程序代写代做代考 algorithm CSC373 – Problem Set 5

CSC373 – Problem Set 5
To avoid suspicions of plagiarism: at the beginning of your submission, clearly state any resources (people, print, electronic) outside of your group, the course notes, and the course staff, that you consulted.
Problem Set: due December 3, 2016 22:00
Answer each question completely, always justifying your claims and reasoning. Your solution will be graded not only on correctness, but also on clarity.
Answers that are technically correct that are hard to understand will not receive full marks. Mark values for each question are contained in the [square brackets].
You may work in groups of up to THREE to complete these questions.
Please be concise and accurate in your responses. Short, accurate algorithmic descriptions are worth more than long, vague
or unnecessarily complicated explanations.
1 Flow Approximation
Here is an algorithm to consider for maximum-flow.
algorithm(G, s, t):
for each edge (u, v) in E:
f(u, v) = 0
while there exists a path from s to t in G:
let p be a shortest path from s to t in G
cf(p) = min {cf(u, v) : (u, v) on p}
for each edge (u, v) on p:
f(u, v) = f(u, v) + cf(p)
This algorithm is incorrect (it does not necessarily produce a maximum flow).

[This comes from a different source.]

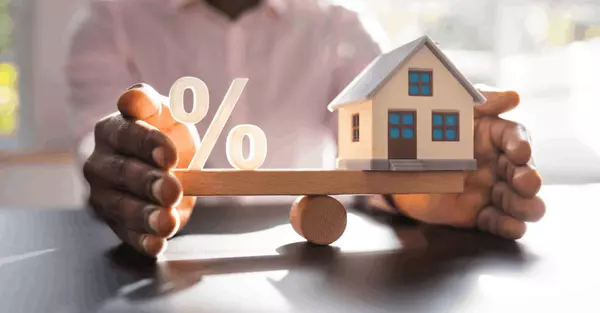 How Rising Interest Rates Are Affecting Buyers in Northern Virginia—and How to Stay Ahead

[5 marks] Does this algorithm have a finite approximation ratio, or is the algorithm an arbitrarily-bad approximation algo- rithm? Provide a proof to support your choice.
2 Gold Bars
You have a knapsack of weight capacity W, and n gold bars with weights w1,w2,…,wn. The goal is to maximize the weight of the gold placed in the knapsack subject to the W weight capacity constraint.
This problem is NP-complete.
[5 marks] Give pseudocode for a polynomial, 2-approximation algorithm for this problem. Prove that your algorithm runs in polynomial-time and is a 2-approximation algorithm.